Intro: There is a story from the Bible that is traditionally read today - the Sunday after Pentecost. It is Matthew 28: 16-20, a story that contains doubt, authority, a difficult theological concept, and reassurance. So let us read it, and then I will unpack these four verses:
16 Now the eleven disciples went to Galilee, to the mountain to which Jesus had directed them. 17 And when they saw him they worshiped him, but some doubted. 18 And Jesus came and said to them, “All authority in heaven and on earth has been given to me. 19 Go therefore and make disciples of all nations, baptizing them in[b] the name of the Father and of the Son and of the Holy Spirit, 20 teaching them to observe all that I have commanded you. And behold, I am with you always, to the end of the age.”
Matthew 28: 17 And when they saw him they worshiped him, but some doubted Matthew captures the mood of the disciples – they worship Jesus, even while they had their doubts..
• When Jesus gathered those disciples, he did not first interrogate their beliefs to make sure that they had got everything right.
• He did not ask them to reassure him that they were confident they could do the job before he sent them into the world.
• It was not even a condition of discipleship that they first be sure of everything they believed:
Following Jesus allows space for doubt. We can be a disciple – even while we bring our question, and things that make us unsure. It is our questions that open up space for our spiritual growth.
Matthew 28 tells us that it is these unsure, hesitant, doubting disciples are commissioned by Jesus to go and make disciples.
“All authority in heaven and on earth has been given to me. 19 Go therefore and make disciples (Matt 28:18)
This word “disciple” is derived from the Latin discipulus – a student. We are told that the disciples of Jesus are turned into teachers, sent to raise up new students. The disciples still have doubts and questions – which I noted as the essential tools for further learning - but this does not prevent them from passing on their faith. Because discipleship does not depend on having the right explanations, or saying the correct Creed, or belonging to the best church:
Our Christian discipleship is based in hearing Jesus say to us: “Go… in the Name of God”. This is the one key idea that holds all this together: the disciples are sent “in the name” of God. This is a deliberate term.
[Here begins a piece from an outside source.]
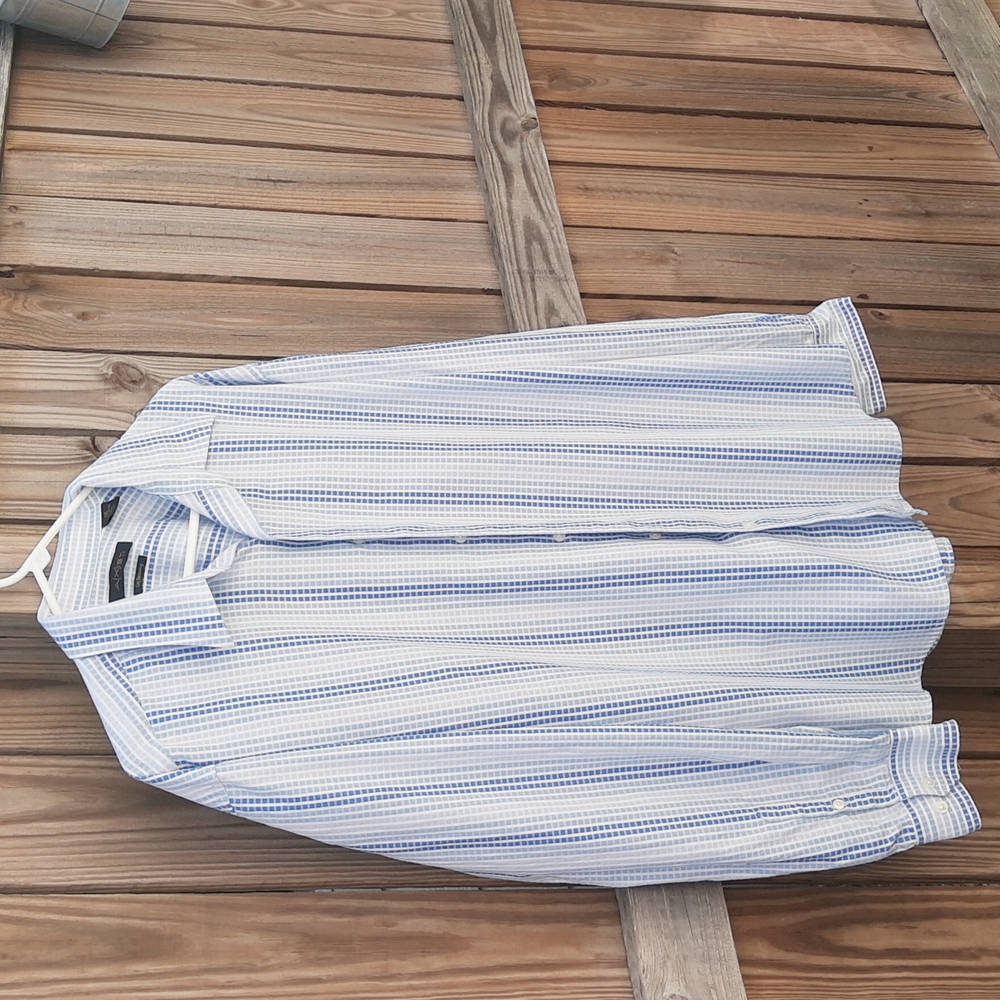 Axist Men's button down shirt, size XXL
Throughout history, people in authority have sent messengers to speak on their behalf: the messenger from the King would announce a message in the village square “in the name of the King”. This message is not the words of the messenger – but is instead said with the reputation and the authority of the one who sent the messenger.
So those who follow Jesus are sent “in the name of God - Father, Son and Holy Spirit” to share our faith: This faith is rooted in a relationship….a relationship with The Father, the Son and the Holy Spirit. My Christian faith begins at the moment that I discover that God loves me with the same passion that a Good Father loves his newborn baby; this relationship is modeled on the life and teachings of Jesus the Son; and it is nurtured and strengthened by the power of the Spirit of God. So when you and I follow Jesus – let us intentionally call ourselves “disciples” of Jesus: we do not know everything, we have our doubts and our uncertainties, but we have been sent by Jesus to share the Gospel.
This brings with it both Good News and a Challenge:
The Good News is that we have space for our doubts and our imperfections – because the message does not depend on us being perfect: the message belongs to God. We speak a message of the Love of God for the people of this world. Let us never remain silent because we are overcome by our fears, or our weaknesses, or our failures. Because the God uses imperfect vessels to carry a perfect message.
The Challenge in this: we cannot become arrogant about the message. Matthew 28: 20 teaching them to observe all that I have commanded you. The message of God’s Salvation is not my message! It does not belong to me. There is no room for me to think I am superior or more righteous than others – just because I have the message of Jesus. I am heartbroken by how easily Christians preach the anger and the retribution of God – mostly often aimed at other people. We import our own cultural prejudices into our faith and make it appear that God hates the same people that we do! John 3:16 tells us that “God so loved the world that he sent his son”…Jesus came to love the whole world – and yet we are so slow to speak (and demonstrate) the love and compassion of God towards all people. God loves everyone – without exception. In this month of June hear me clearly: God loves the LGBTQI community. Let us distance ourselves from the unkind prejudices of our national culture – and show love to all people.
And then the concluding promise: Matthew 28: 20 “, I am with you always, to the end of the age.” We do not do this alone. Not only do we go in the name of Jesus – but God goes with us.